# How long has your tank gone without feeding?



## drhank (Aug 3, 2009)

I'm going to be out of town for about 5 days for my daughters wedding. Do you think I'll have any problem with my reef if I don't feed for that long? Also, how long have you left your reef without feeding and not had any problems?


----------



## Jakub (Nov 26, 2009)

According to friends, if you feed your fish 2-3 times a day every day they will be just fine for 3 days. 5 may be pushing it.


----------



## scribbles (Nov 1, 2009)

Are you worried about the invert's or your fish? for the fish just grab an auto feeder. Invert's i think will be ok.


----------



## beaslbob (May 29, 2009)

2 weeks.


----------



## beaslbob (May 29, 2009)

beaslbob said:


> 2 weeks.


Oh yea, but that was before I added the sump. 

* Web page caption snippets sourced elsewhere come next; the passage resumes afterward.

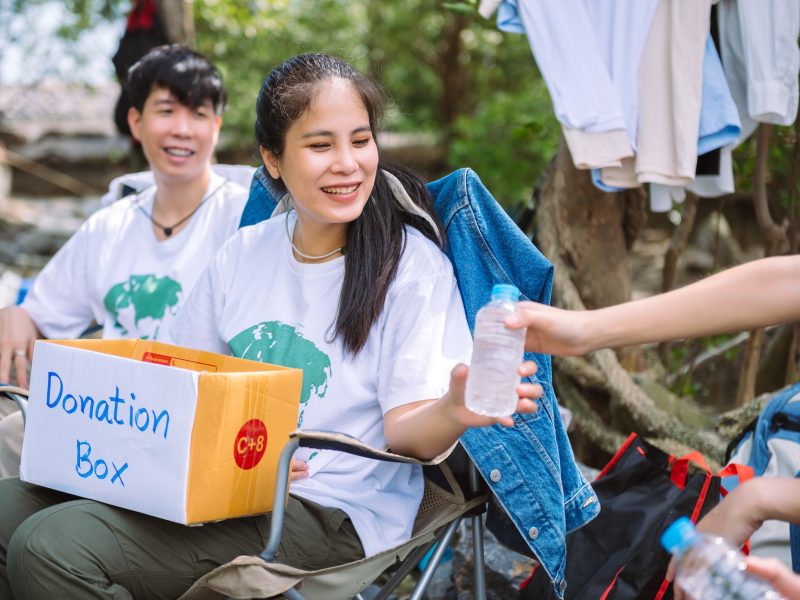 group-of-asian-diverse-people-volunteer-holding-a-donation-box-for-fundraiser-to-emergency-situation.jpg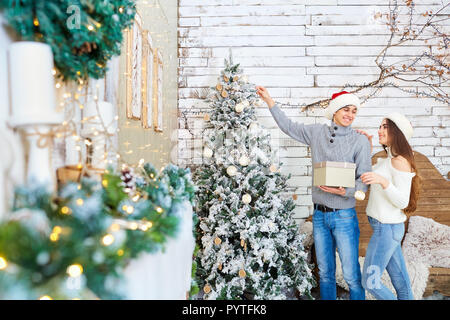 Felice coppia giovane indossando cappelli di Babbo Natale il divertimento a Natale. Foto Stock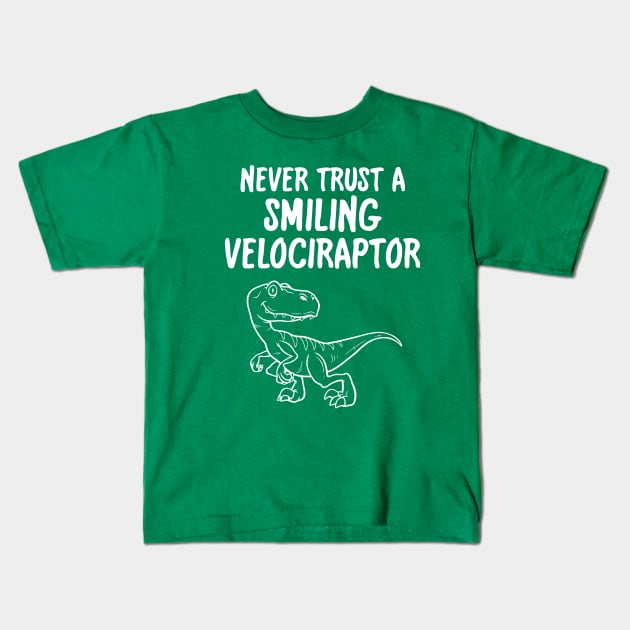 Never Trust A Smiling Velociraptor Funny Dinosaur Kids T-Shirt by FlashMac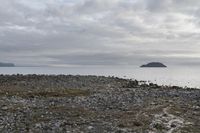 the view of some water from an island area, and rocks and gravel in front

IMHO the sump will run dry and cause more problems in 5 days then the lack of food for 5 days.


my .02


----------



## joejoe1055 (Nov 23, 2009)

i just don't trust auto feeders


----------



## phil_pl (Apr 10, 2009)

i like to just keep mine on a regular schedule so i had someone come to my house to feed when i went on vacation, i have seen aggression problems due to lack of feeding so i dont like to miss a day


----------